• EXERCISE BRIEF:
Take the data below and copy exactly the lines starting at the one with "Imagem de JURONG" and finishing at the one with "商品[国内直发] Hermes|爱马仕 In", both included.

• MATERIAL SHOWN:
= = =
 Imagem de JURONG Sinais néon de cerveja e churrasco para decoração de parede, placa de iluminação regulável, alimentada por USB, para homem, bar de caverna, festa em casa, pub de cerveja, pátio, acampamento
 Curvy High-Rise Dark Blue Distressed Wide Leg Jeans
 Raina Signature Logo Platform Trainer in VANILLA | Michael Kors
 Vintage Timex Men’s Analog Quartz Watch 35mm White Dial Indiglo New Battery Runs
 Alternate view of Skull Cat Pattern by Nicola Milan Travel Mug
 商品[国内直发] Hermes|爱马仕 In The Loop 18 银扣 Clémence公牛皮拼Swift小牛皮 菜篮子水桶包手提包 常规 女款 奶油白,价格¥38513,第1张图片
= = =
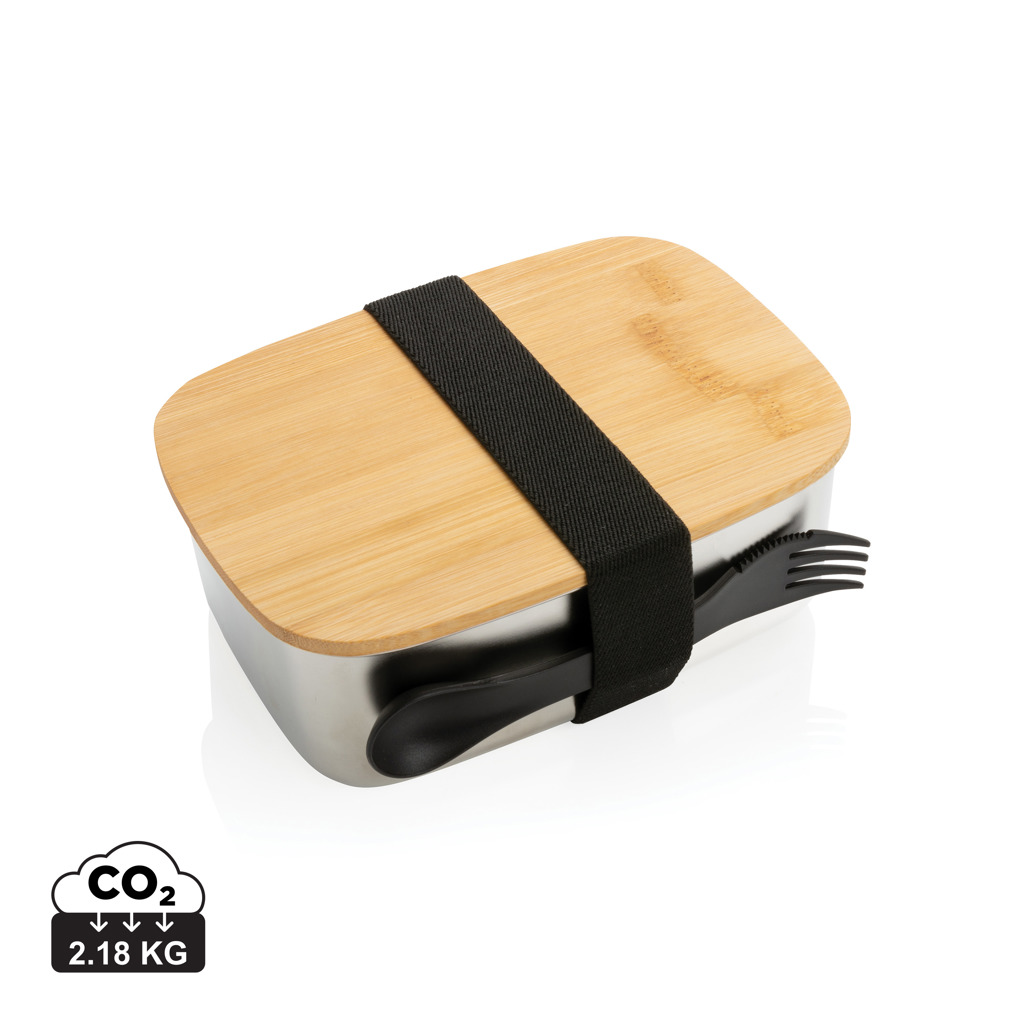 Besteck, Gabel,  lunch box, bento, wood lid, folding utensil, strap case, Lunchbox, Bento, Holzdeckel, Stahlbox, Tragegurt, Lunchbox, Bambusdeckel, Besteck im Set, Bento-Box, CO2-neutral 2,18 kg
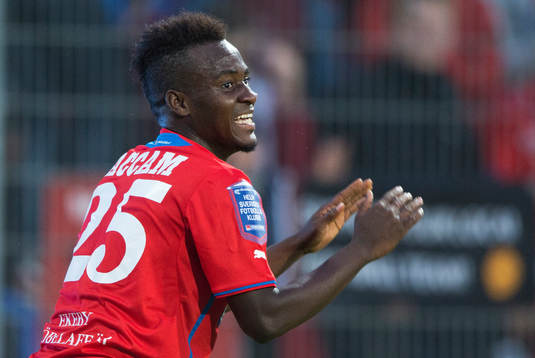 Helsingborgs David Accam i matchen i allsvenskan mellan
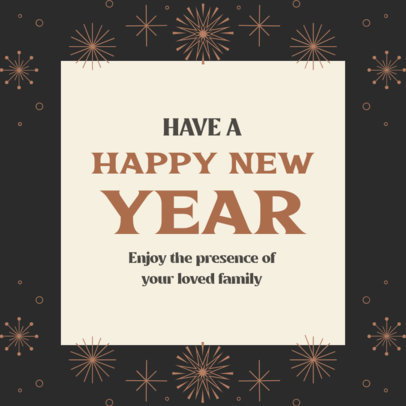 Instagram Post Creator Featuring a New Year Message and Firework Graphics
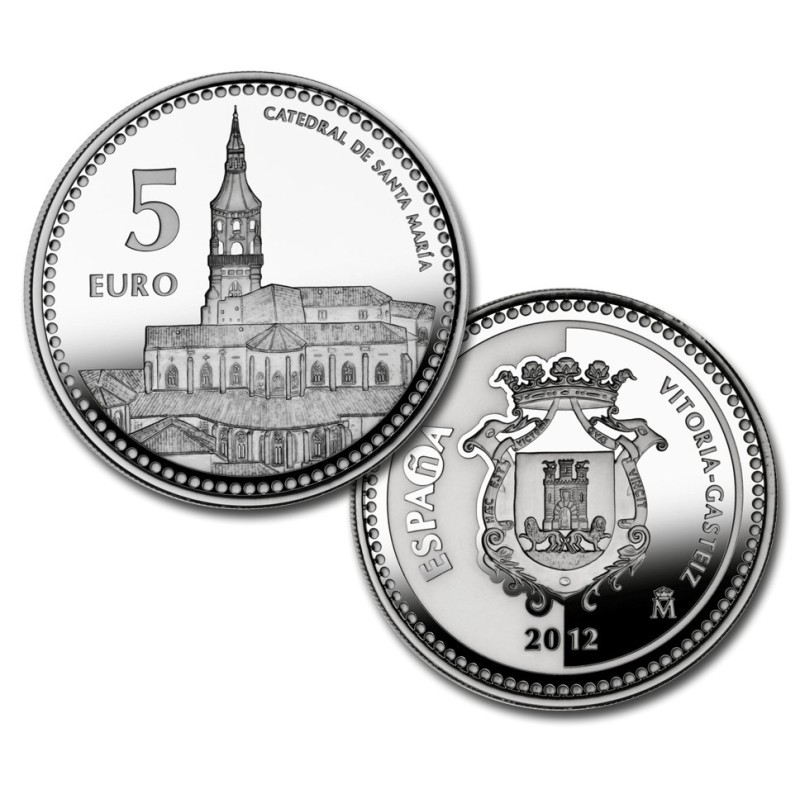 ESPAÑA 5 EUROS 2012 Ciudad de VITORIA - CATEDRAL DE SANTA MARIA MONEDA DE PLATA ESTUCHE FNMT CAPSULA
= = =
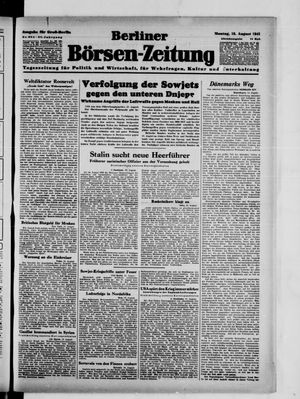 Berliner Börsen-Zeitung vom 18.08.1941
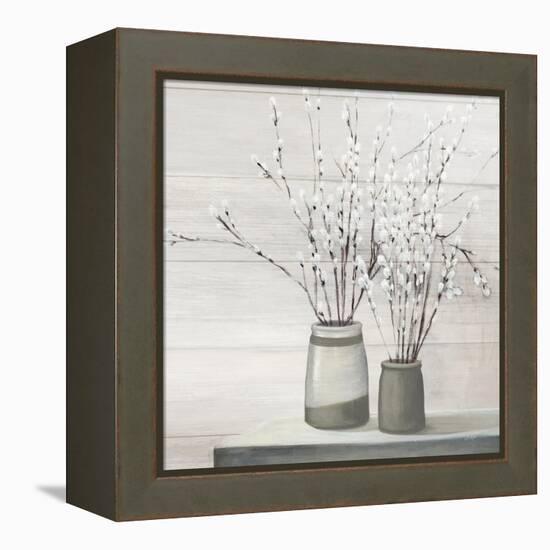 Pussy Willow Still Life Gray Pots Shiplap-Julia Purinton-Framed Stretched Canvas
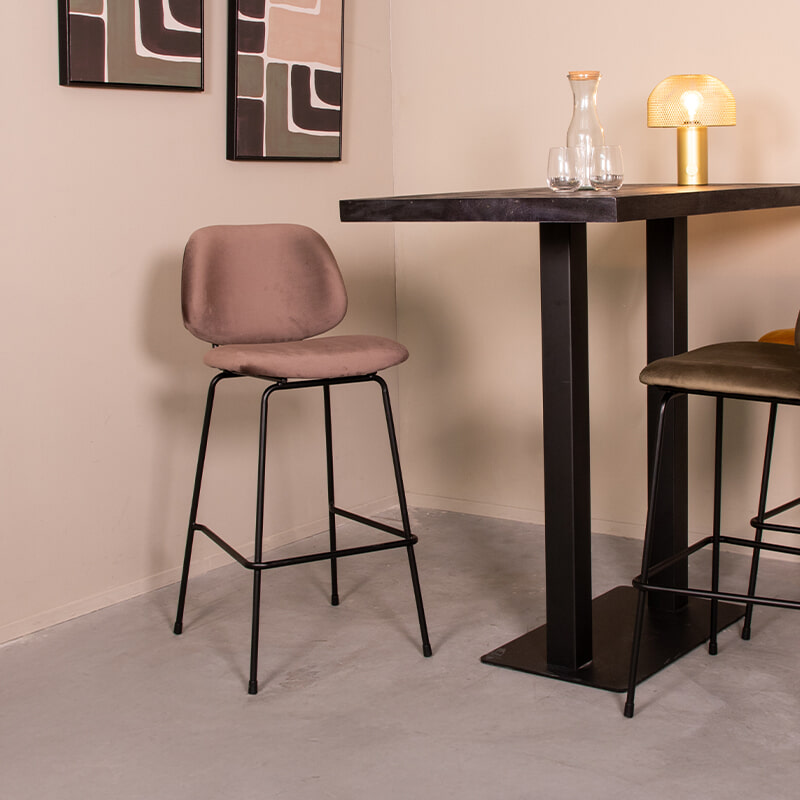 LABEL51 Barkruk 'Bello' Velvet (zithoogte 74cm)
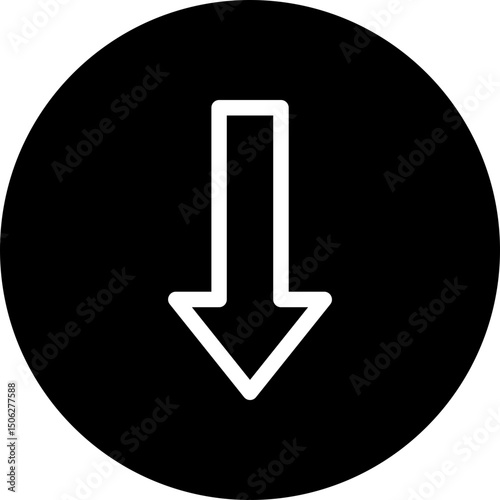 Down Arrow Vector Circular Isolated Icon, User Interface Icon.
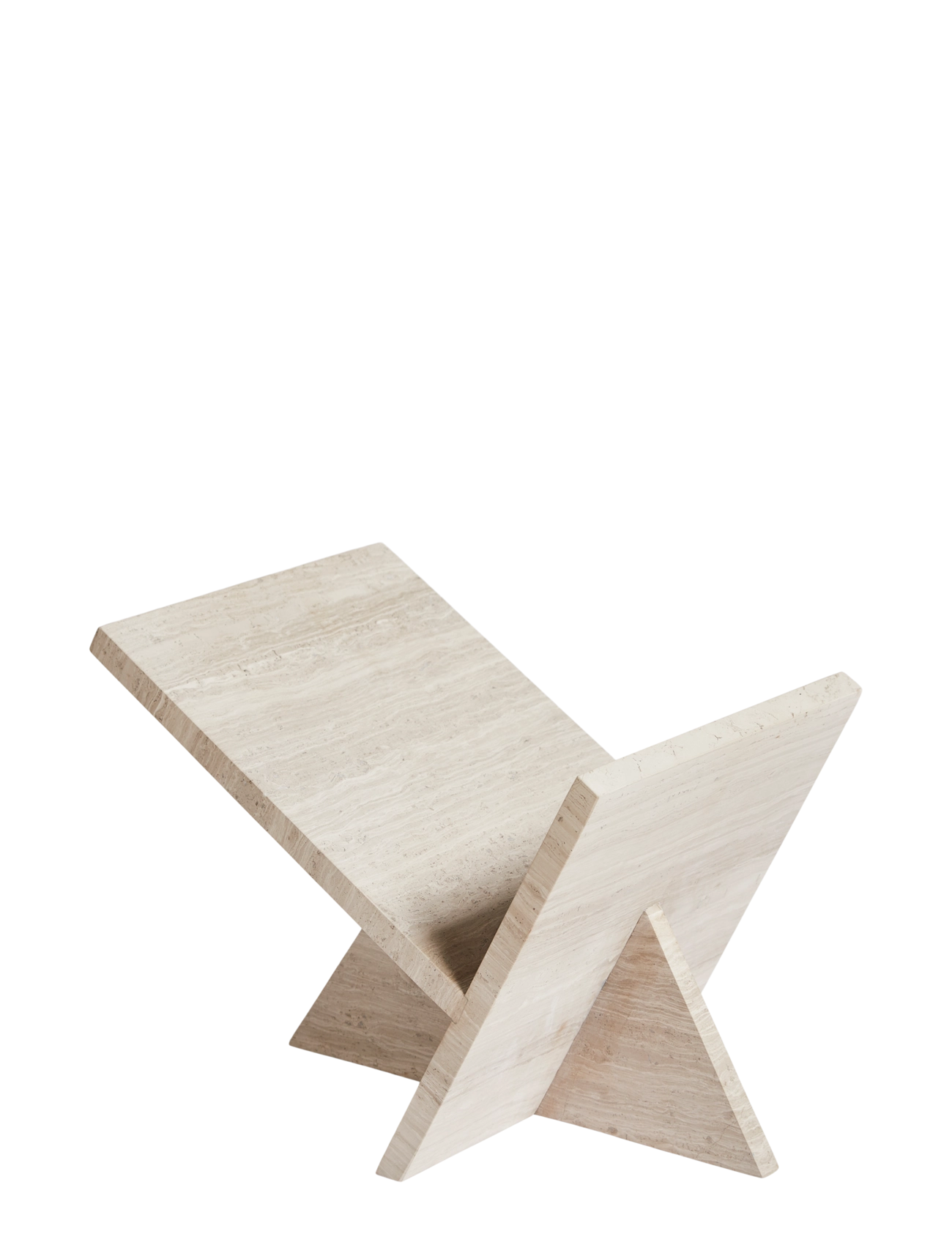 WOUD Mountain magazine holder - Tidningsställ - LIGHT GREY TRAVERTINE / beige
= = =
• SOLUTION FOR THIS PROBLEM:
 Imagem de JURONG Sinais néon de cerveja e churrasco para decoração de parede, placa de iluminação regulável, alimentada por USB, para homem, bar de caverna, festa em casa, pub de cerveja, pátio, acampamento
 Curvy High-Rise Dark Blue Distressed Wide Leg Jeans
 Raina Signature Logo Platform Trainer in VANILLA | Michael Kors
 Vintage Timex Men’s Analog Quartz Watch 35mm White Dial Indiglo New Battery Runs
 Alternate view of Skull Cat Pattern by Nicola Milan Travel Mug
 商品[国内直发] Hermes|爱马仕 In The Loop 18 银扣 Clémence公牛皮拼Swift小牛皮 菜篮子水桶包手提包 常规 女款 奶油白,价格¥38513,第1张图片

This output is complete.